Anne-Sophie FIORUCCI; Eoghan KING; Antoine DIET

Goals

- Dissect signal transduction pathways in plants during development or in response to their abiotic and/or biotic environment.
 - Describe and analyze the scientific results generated by different methods/approaches studied in this course.
 - Synthesize the results of a publication and present it in an integrated context; criticize the limits of the paper and propose perspectives on the topic.

Skills

- Work as a group to analyze and present a research paper. Identify the limits of the paper and propose future perspectives.
- Reason on the choice of methods/approaches to analyze plant responses to their environment.
- Interpret the scientific results presented in a publication, identify key conclusions of the study and link them to the scientific context.

Content

Perception and acclimation to these variations go through complex and interconnected signaling pathways and modulation of endogenous signals like phytohormones. Moreover, contrary to lab conditions, where in most cases only one parameter is studied at a time, plants actually integrate various environmental information at once, resulting in complex phenotypic outputs. This is of utmost importance in the context of global climate change, with an increase in the frequency, intensity, and combination of abiotic and biotic stresses directly affecting plant growth, health and productivity. Understanding how plants perceive, integrate, and respond to multiple and changing environmental stresses is thus essential.

The main objective of the teaching unit is to demonstrate how integrative and multidisciplinary approaches, including plant biology, microbiology, genomics, genetics, physiology, biochemistry, and epidemiology, can be developed to decipher the molecular mechanisms governing plant-environment interactions.

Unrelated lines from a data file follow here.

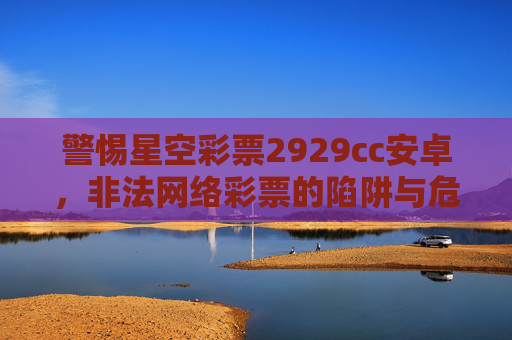 警惕星空彩票2929cc安卓,非法网络彩票的陷阱与危害,警惕星空彩票2929cc安卓,非法网络彩票的陷阱与危害 警惕星空彩票2929cc安卓,非法网络彩票的陷阱与危害,警惕星空彩票2929cc安卓,非法网络彩票的陷阱与危害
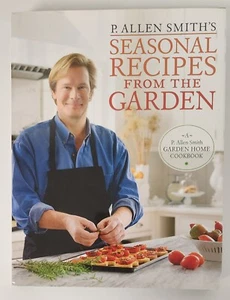 P. Allen Smith SIGNIERTE saisonale Rezepte aus dem Garten 2010 1. Auflage - Bild 1 von 7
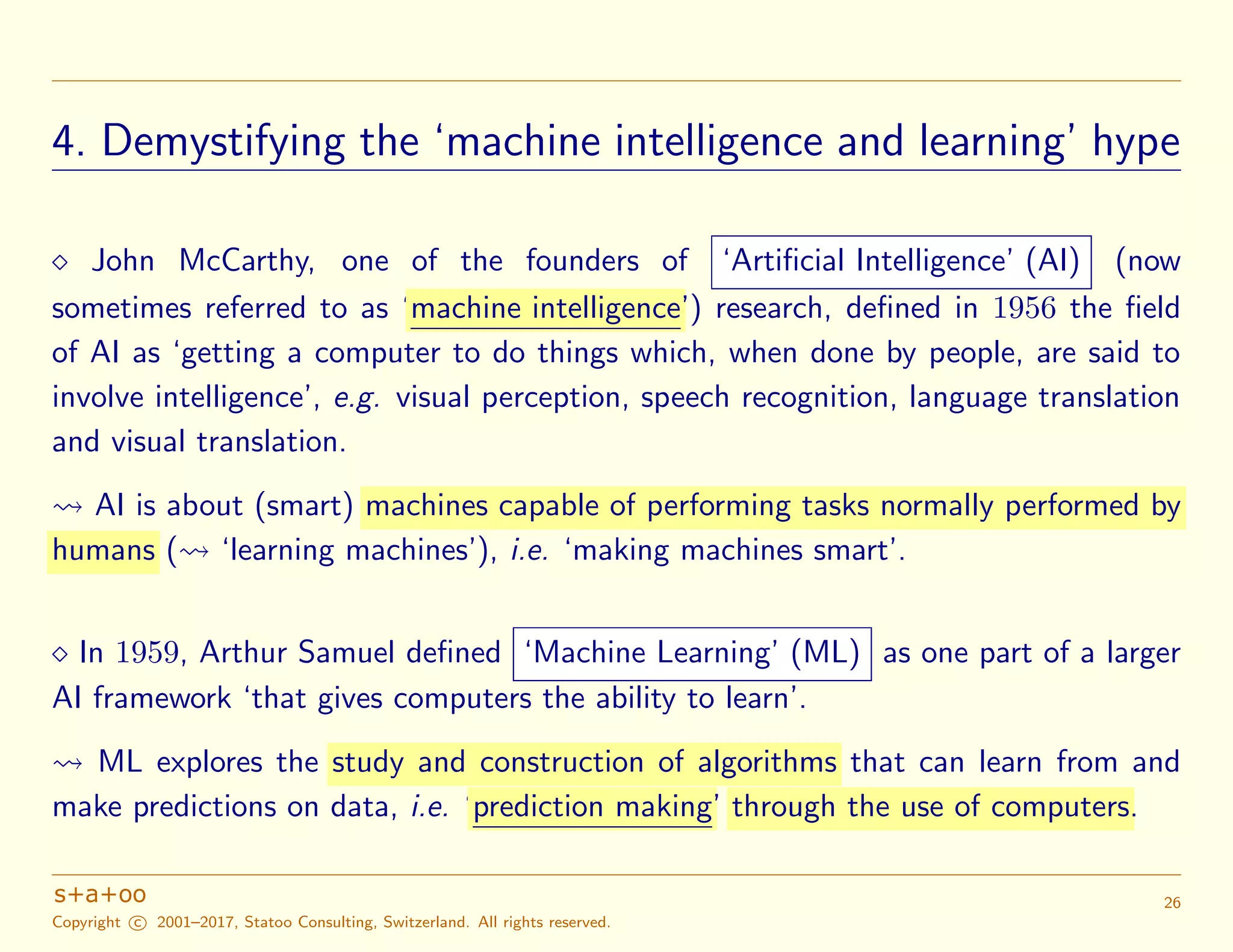 4. Demystifying the ‘machine intelligence and learning’ hype
John McCarthy, one of the founders of ‘Artiﬁcial Intelligence’ (AI) (now
sometimes referred to as ‘machine intelligence’) research, deﬁned in 1956 the ﬁeld
of AI as ‘getting a computer to do things which, when done by people, are said to
involve intelligence’, e.g. visual perception, speech recognition, language translation
and visual translation.
AI is about (smart) machines capable of performing tasks normally performed by
humans ( ‘learning machines’), i.e. ‘making machines smart’.
In 1959, Arthur Samuel deﬁned ‘Machine Learning’ (ML) as one part of a larger
AI framework ‘that gives computers the ability to learn’.
ML explores the study and construction of algorithms that can learn from and
make predictions on data, i.e. ‘prediction making’ through the use of computers.
Copyright c 2001–2017, Statoo Consulting, Switzerland. All rights reserved.
26
 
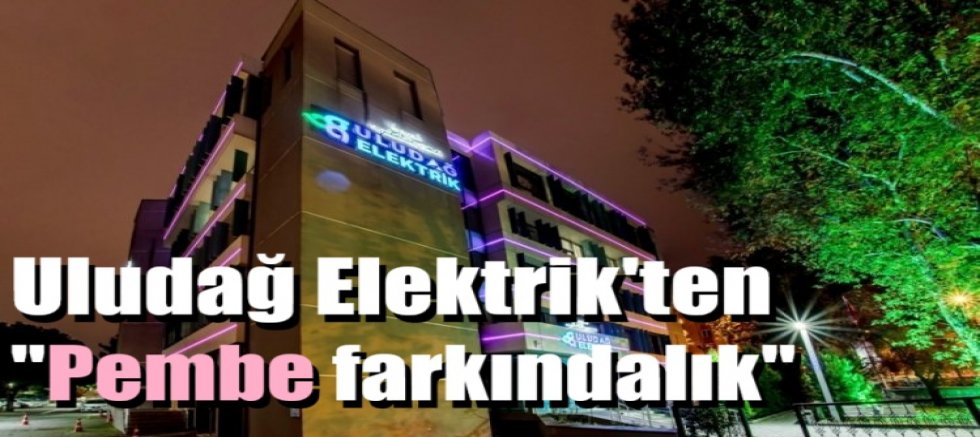 Uludağ Elektrik’ten Meme Kanserine Karşı “Pembe Farkındalık”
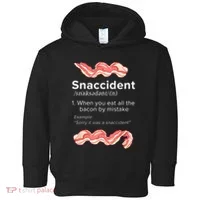 Snaccident Bacon For Bacon Lover Toddler Hoodie thumb 0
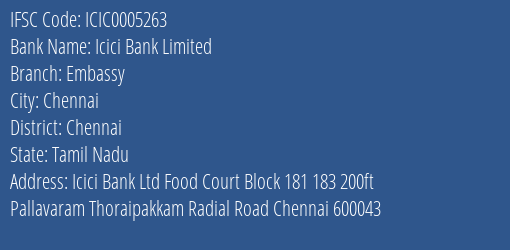 Icici Bank Embassy Branch Chennai IFSC Code ICIC0005263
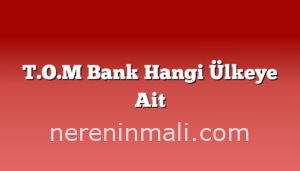 T.O.M Bank Hangi Ülkeye Ait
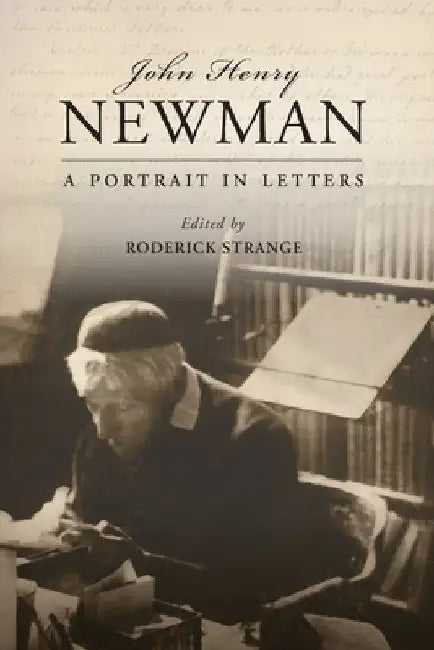 John Henry Newman: A Portrait in Letters by Roderick Strange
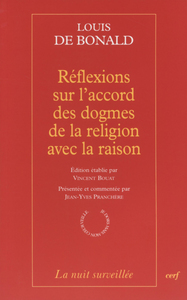 RÉFLEXIONS SUR L'ACCORD DES DOGMES DE LA RELIGIONAVEC LA RAISON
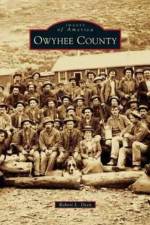 Owyhee County af Robert L Deen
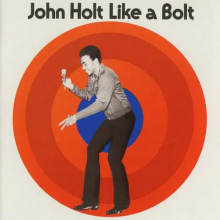 Holt, John - Like a Bolt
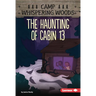 The Haunting of Cabin 13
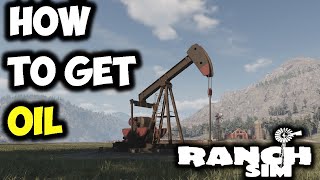 Ranch Simulator How To Get OIL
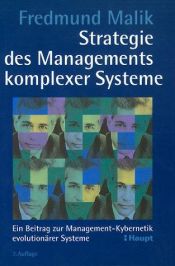 book cover of Strategie des Managements komplexer Systeme. Ein Beitrag zur Management- Kybernetik evolutionärer Systeme. by Fredmund Malik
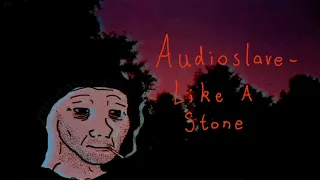 Doomer - Audioslave - Like A Stone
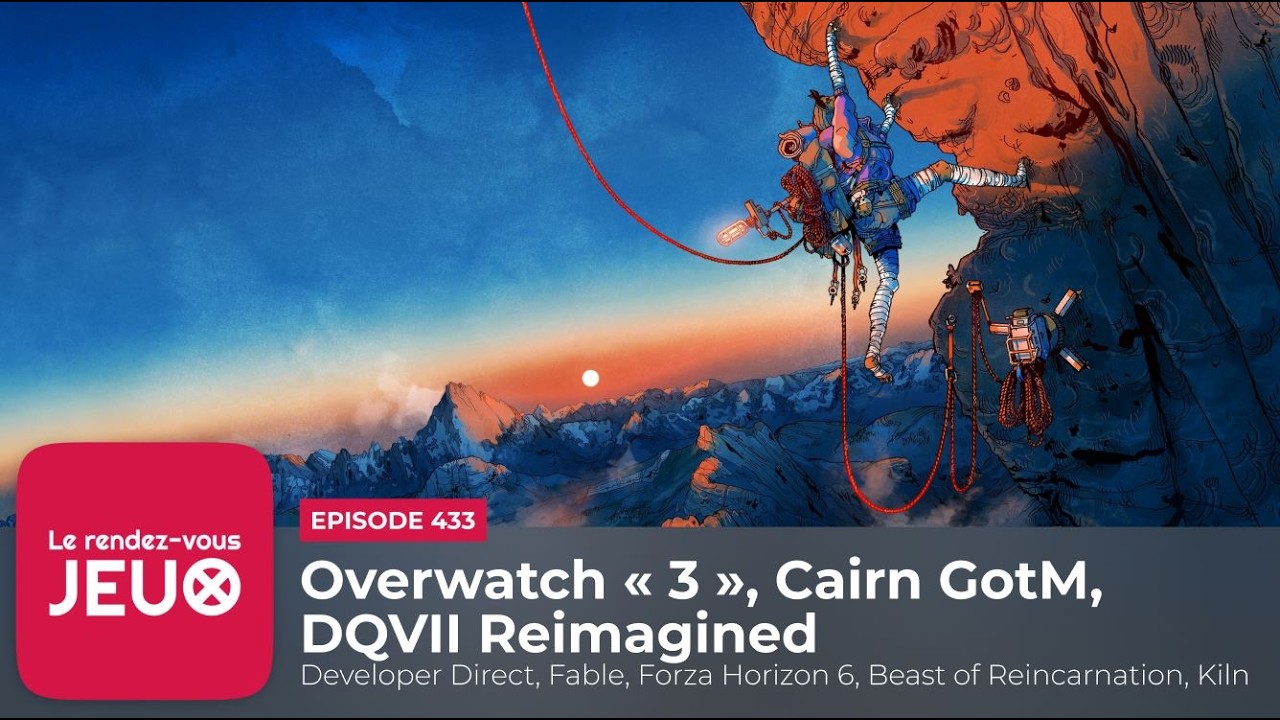 Overwatch « 3 », Cairn GotM, DQVII Reimagined ►► [Podcast jeux vidéo]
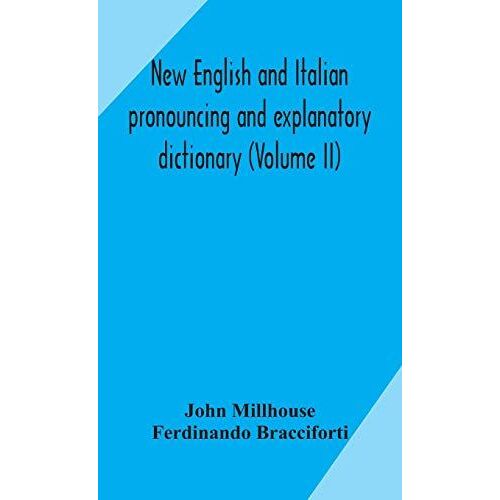 New English And Italian Pronouncing And Explanatory Dictionary (Volume Ii)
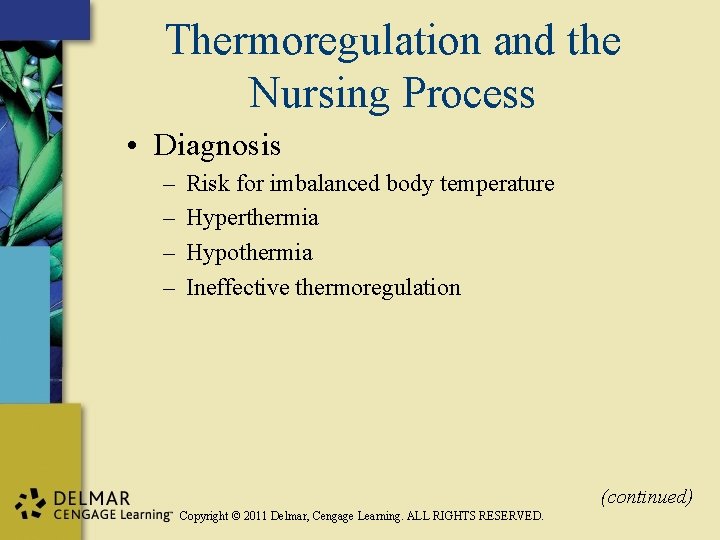 Thermoregulation and the Nursing Process • Diagnosis – – Risk for imbalanced body temperature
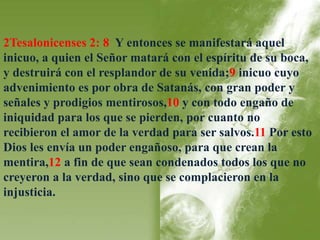 2Tesalonicenses 2: 8 Y entonces se manifestará aquel 
inicuo, a quien el Señor matará con el espíritu de su boca, 
y destruirá con el resplandor de su venida;9 inicuo cuyo 
advenimiento es por obra de Satanás, con gran poder y 
señales y prodigios mentirosos,10 y con todo engaño de 
iniquidad para los que se pierden, por cuanto no 
recibieron el amor de la verdad para ser salvos.11 Por esto 
Dios les envía un poder engañoso, para que crean la 
mentira,12 a fin de que sean condenados todos los que no 
creyeron a la verdad, sino que se complacieron en la 
injusticia. 
 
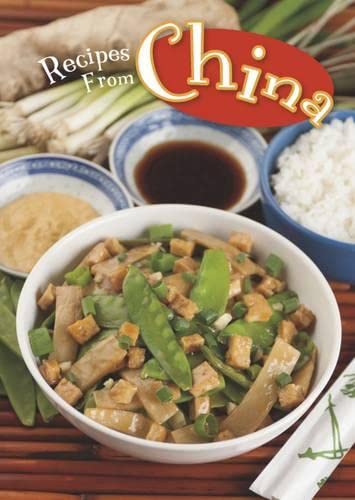 Recipes from China (Ignite: Global Cookery) by Dana Meachen Rau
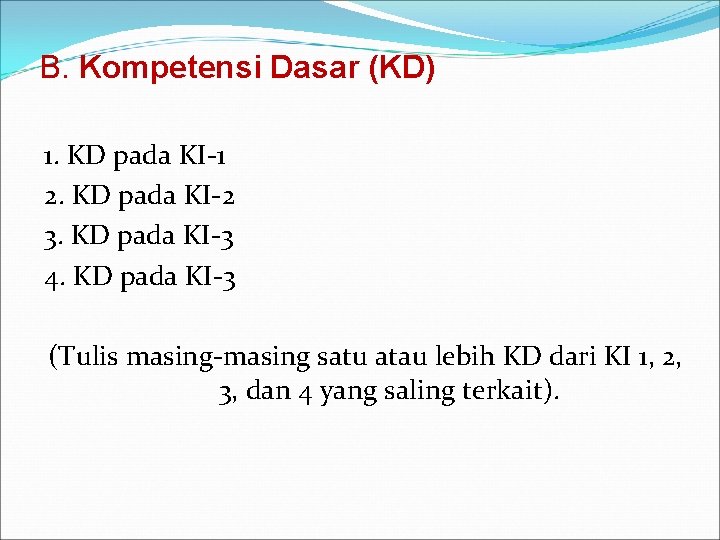 B. Kompetensi Dasar (KD) 1. KD pada KI-1 2. KD pada KI-2 3. KD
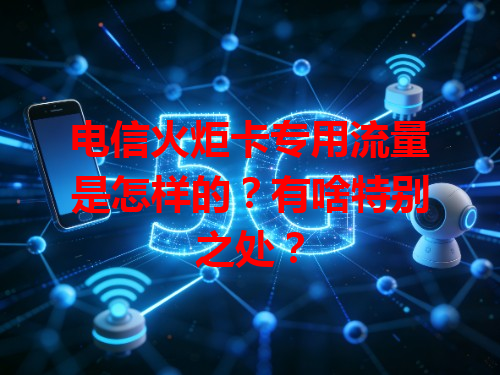 电信火炬卡专用流量是怎样的？有啥特别之处？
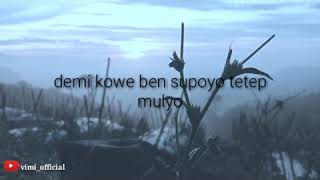 Download lagu Demi kowe - [ story ] 30 detik mp3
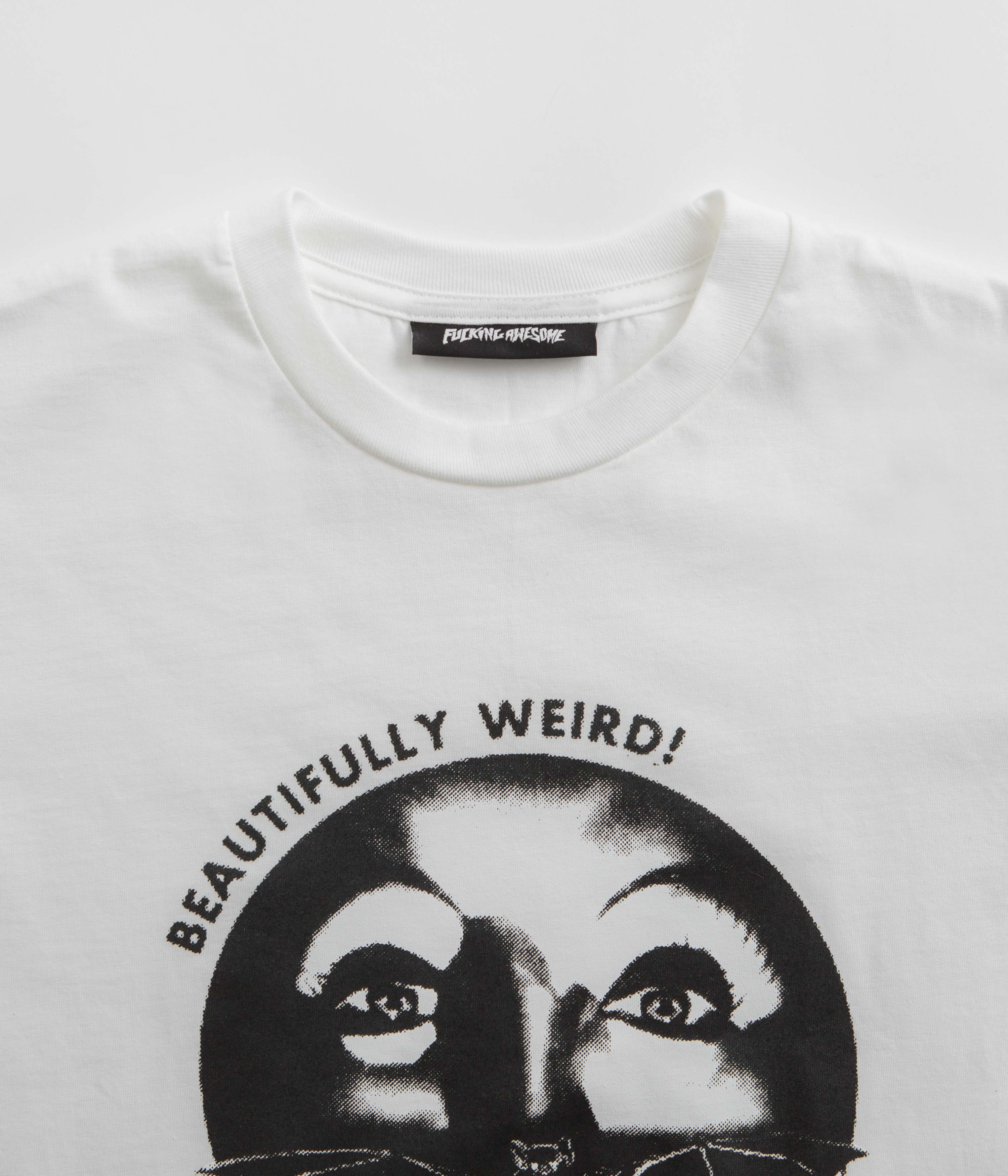 Fucking Awesome White 'Beautifully Weird' T-Shirt - A Must-Have!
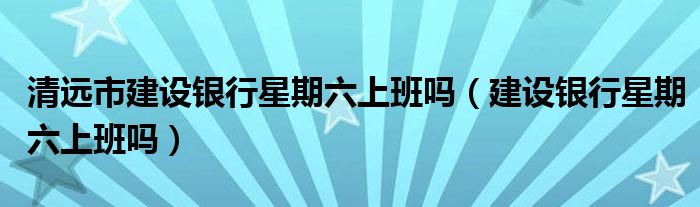 清远市建设银行星期六上班吗（建设银行星期六上班吗）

To do so, the course will provide in-depth knowledge of the molecular mechanisms involved in perception, signal transduction and early responses of plants to different stimuli (biotic -symbiotic and pathogenic-, abiotic). Research strategies and associated techniques commonly used to analyze plant responses either to a single or to multiple environmental stresses will be presented in the frame of lectures, tutorials and seminars.

Format

The teaching unit lasts two weeks and is organized in 2-3h sessions consisting of:
 - Lectures and tutorials around transversal concepts/techniques/strategies relevant to studying plant responses to the environment.
 - Research seminars given by French or foreign expert scientists. A discussion between the students and the speaker is organized at the end of each seminar.
 - Personal work addressing examples of signaling pathways and crosstalks between abiotic and biotic stresses. The students analyze a set of articles in order to identify the research strategy, the main achievements of each paper and the main outcomes.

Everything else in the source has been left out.